Réunion du 17 février 2016 à 16h15
Commission des lois constitutionnelles, de la législation et de l'administration générale de la république

Photo issue du site de l'Assemblée nationale ou de WikipediaPatrick Devedjian :

Les fiches S sont établies de manière incontrôlée, incontrôlable, voire aléatoire. Une haute autorité – je ne préciserai pas laquelle pour ne pas lui nuire – m'a indiqué que les deux tiers des inscriptions étaient extrêmement discutables.

Ce qui est choquant dans cette procédure, c'est que le seul fait pour ces gens d'être inscrit sur une fiche S vaut réduction de leurs droits : ils pourront être « retenus » pendant quatre heures, autrement dit subir une atteinte à leur liberté d'aller et venir. Il me paraît utile ici, n'en déplaise au Conseil d'État et au Conseil constitutionnel, de rappeler la définition de la liberté telle qu'elle figure à l'article 4 de la Déclaration universelle des droits de l'homme et du citoyen : « La liberté consiste à pouvoir faire tout ce qui ne nuit pas à autrui ». Point final !
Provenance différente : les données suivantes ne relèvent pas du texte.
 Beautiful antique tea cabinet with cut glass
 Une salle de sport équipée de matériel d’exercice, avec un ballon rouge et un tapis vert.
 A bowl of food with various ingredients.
Je suis scandalisé par la distinction totalement arbitraire opérée par le Conseil constitutionnel entre privation de liberté et restriction de liberté, qui voudrait qu'en dessous de douze heures d'assignation à résidence, il n'y aurait pas d'atteinte aux droits garantis par l'article 66 de la Constitution. Je conteste cette jurisprudence : elle est en contradiction totale avec l'article 4 de la Déclaration des droits de l'homme.

Cette distinction était déjà très discutable quand elle restait du domaine de la théorie. La voilà maintenant intégrée dans la pratique quotidienne des forces de l'ordre, elle est inacceptable : ce sont les libertés individuelles mêmes qui sont mises en cause, sans qu'aucun contrôle ne s'exerce. La personne concernée ne peut même pas savoir pourquoi elle a fait l'objet d'une inscription au fichier S !
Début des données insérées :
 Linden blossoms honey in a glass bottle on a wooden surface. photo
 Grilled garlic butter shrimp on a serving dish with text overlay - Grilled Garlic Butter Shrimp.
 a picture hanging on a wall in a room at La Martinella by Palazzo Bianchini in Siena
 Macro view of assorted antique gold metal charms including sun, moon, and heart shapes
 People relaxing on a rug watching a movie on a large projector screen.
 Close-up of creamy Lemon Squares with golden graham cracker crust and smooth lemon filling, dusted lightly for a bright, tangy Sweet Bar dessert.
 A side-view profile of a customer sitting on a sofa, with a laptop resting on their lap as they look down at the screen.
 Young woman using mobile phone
Des contentieux devant la juridiction administrative sont en cours et j'ai la conviction que certains recours aboutiront. Je citerai le cas d'une personne qui a été retenue pendant quatre heures et a fait l'objet d'une perquisition simplement parce qu'elle avait montré du doigt un policier, lequel a interprété ce geste comme une menace au motif qu'il simulait un pistolet !

Des conduites aussi banales que celle-ci peuvent aboutir à des mesures attentatoires à la liberté particulièrement graves. La lutte contre le terrorisme est une chose, mais la fin ne justifie par les moyens.